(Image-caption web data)
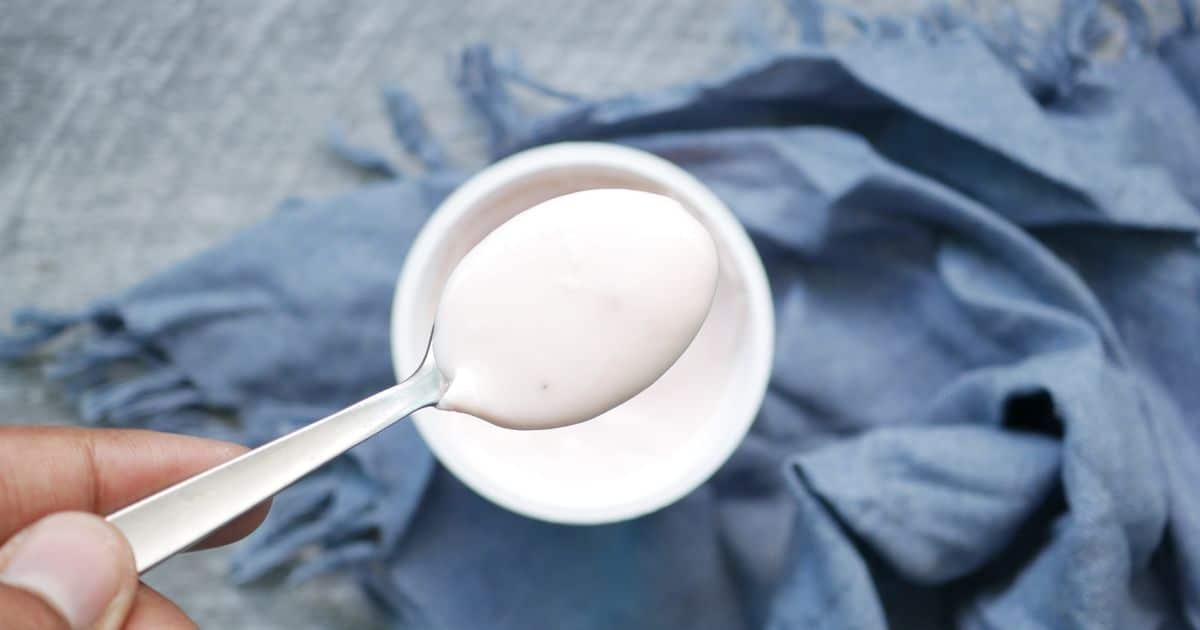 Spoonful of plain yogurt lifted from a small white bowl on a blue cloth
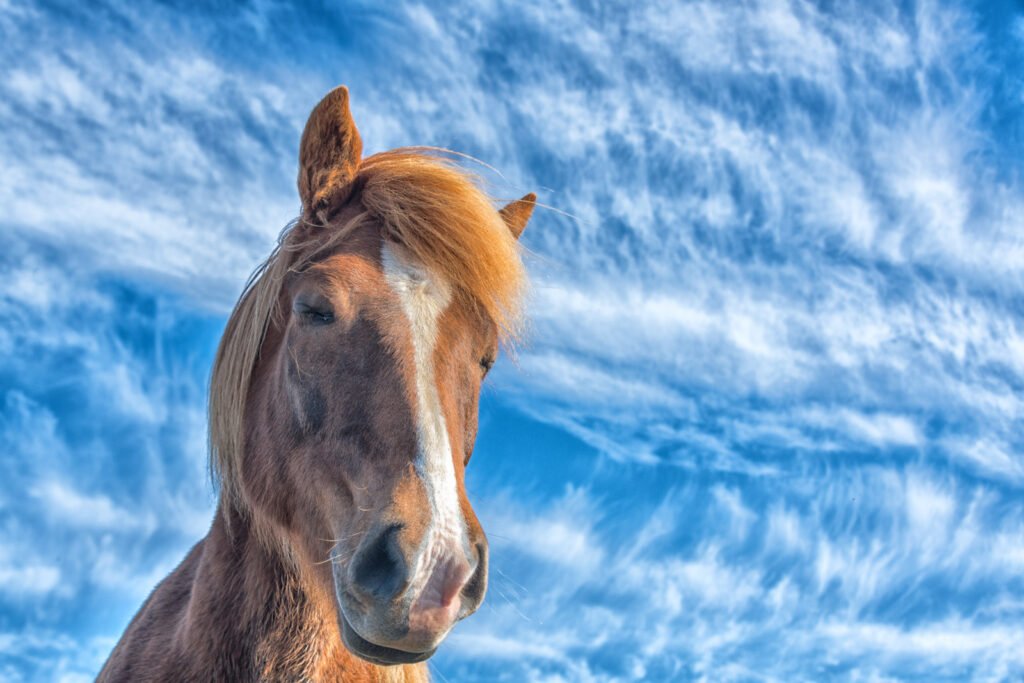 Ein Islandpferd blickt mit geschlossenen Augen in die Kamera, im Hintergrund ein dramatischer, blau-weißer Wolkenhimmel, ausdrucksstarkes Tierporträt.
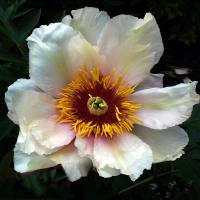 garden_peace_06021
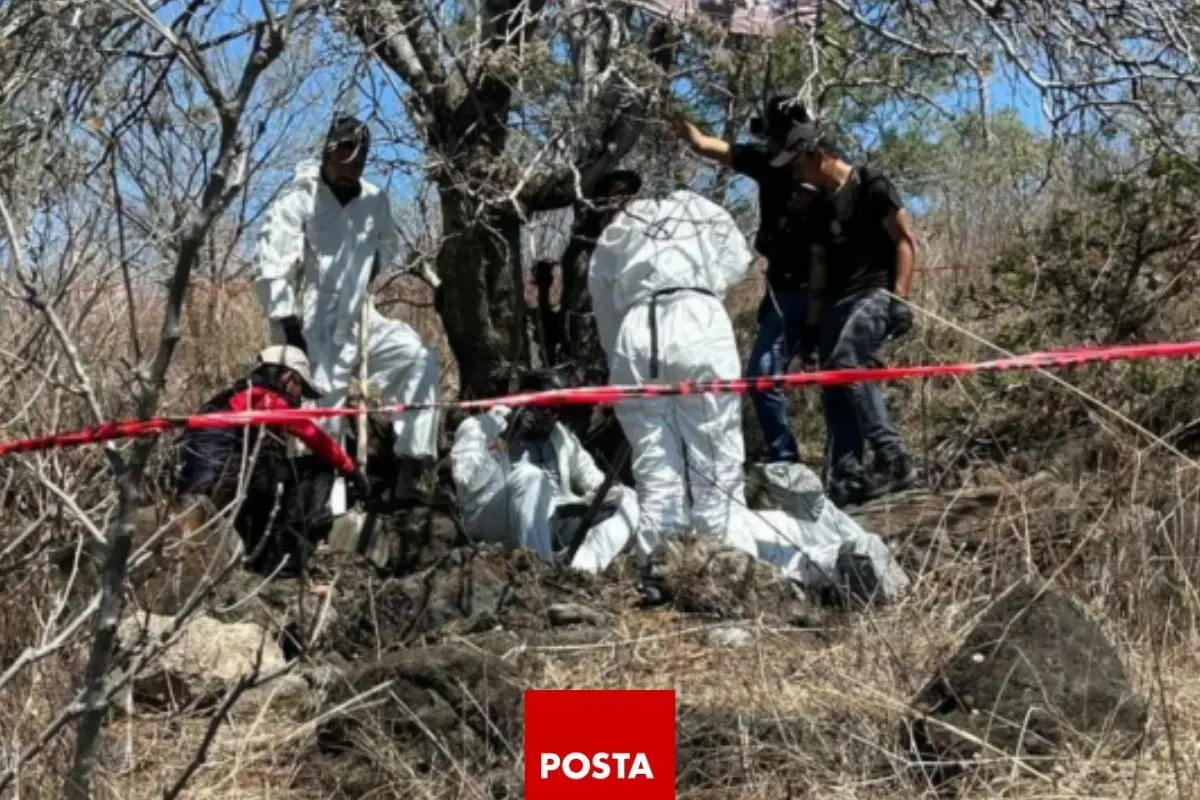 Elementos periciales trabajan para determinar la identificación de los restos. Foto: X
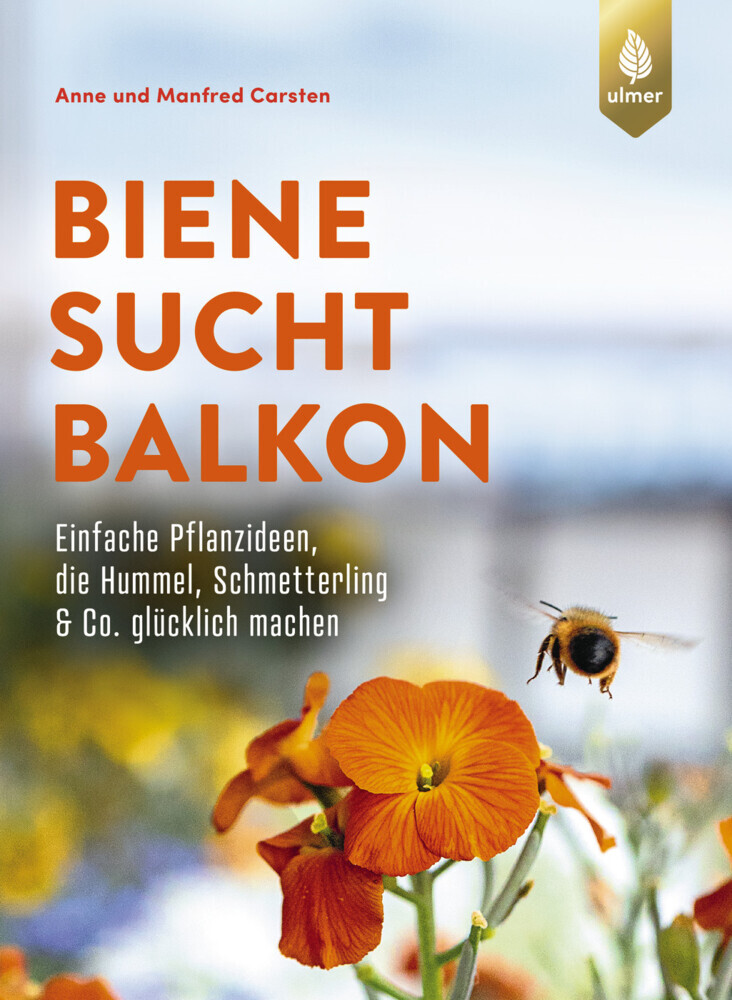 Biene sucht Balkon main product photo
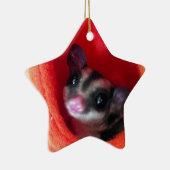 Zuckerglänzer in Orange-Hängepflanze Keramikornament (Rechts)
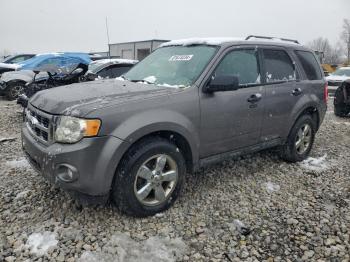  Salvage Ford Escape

WHAT YOU WILL DO: In the records above, transcribe exactly the lines from the one containing "Elementos periciales trabajan" through the last line, both included, and skip the pictures.

ANSWER FOR THE TASK:
 Elementos periciales trabajan para determinar la identificación de los restos. Foto: X
 Biene sucht Balkon main product photo
 Zuckerglänzer in Orange-Hängepflanze Keramikornament (Rechts)
  Salvage Ford Escape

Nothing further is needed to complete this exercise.